Suppose the bottle has remained the same and I unreflectively take it for granted that it is the same bottle from Monday to Tuesday. The sense that I am entertaining is thereby the same throughout. Once I have abandoned this assumption, the senses split and are no longer the same. The fact that they will split in the future does not affect the fact that prior to this I keep thinking of the bottle via the same sense. (To allow the future divisions of sense to affect my current state of mind is also to admit of senses a difference in which is not transparent which is at odds with the transparency thesis that I hold on to in the book.)

On the other hand, if the bottles were switched as above, my unreflective assumption that it is the same bottle that was in the fridge on Monday did not lead me to have a singular but rather a confused thought as of Tuesday. If what I said in the previous passage is right, my future reflection does not change the fact that on Tuesday I was thinking the confused thought though it enables me to correct the error of fact that I have committed, and thereby get rid of my confused thought.

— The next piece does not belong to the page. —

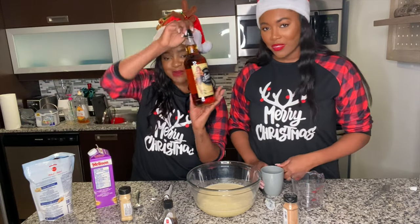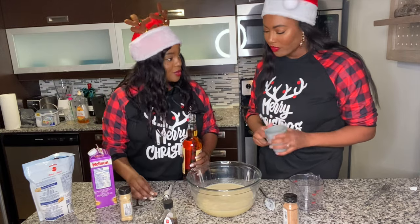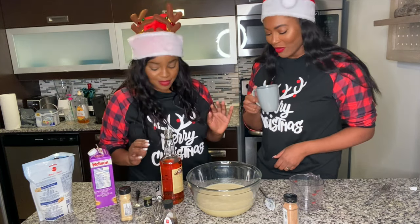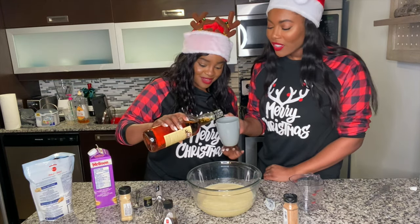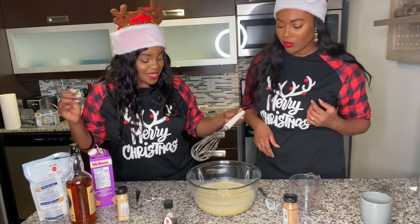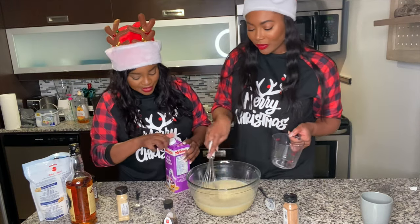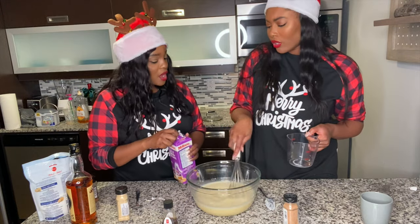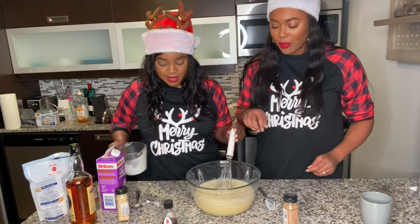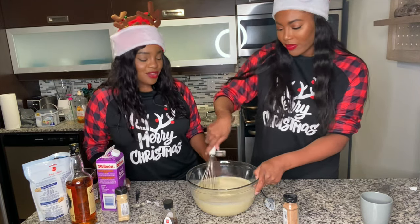Now it's time for some spiced rum. We're supposed to put half a cup depending on how much alcohol you want — and it's Christmas, so let's be generous. Disclaimer: she is not breastfeeding! We ended up doing a little less than half a glass. Then we add a cup and a half of heavy cream. Thanks for being the mixer on this — it would just be a mess with me.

There is an inverse version of this puzzle as well. Suppose that on Wednesday I question whether it is the same bottle in the fridge, but then later completely forget my Wednesday doubts about the identity of the bottle and just unreflectively believe it is the same bottle, and on Friday (recalling only my Monday and Tuesday thoughts) I utter ‘For the third time this week I am thinking this wine is supposed to be delicious’. Is my current belief the same as either of the earlier beliefs? It is hard to see how, given that I was entertaining separate beliefs earlier in the week. Perhaps it requires some mereological union of the two earlier beliefs? If so does that mean my count of belief events was off? One needs to see details here.

REPLY:

The supposition here is that I was thinking about the same bottle via the same sense from Monday to Tuesday before my Wednesday doubts set in. Since by Friday I have forgotten about my Wednesday doubts, I continue where I left of before these doubts set in, in accordance with my point of view which is one of taking it that the same bottle is in question which is the same on Friday as it was on Monday and Tuesday.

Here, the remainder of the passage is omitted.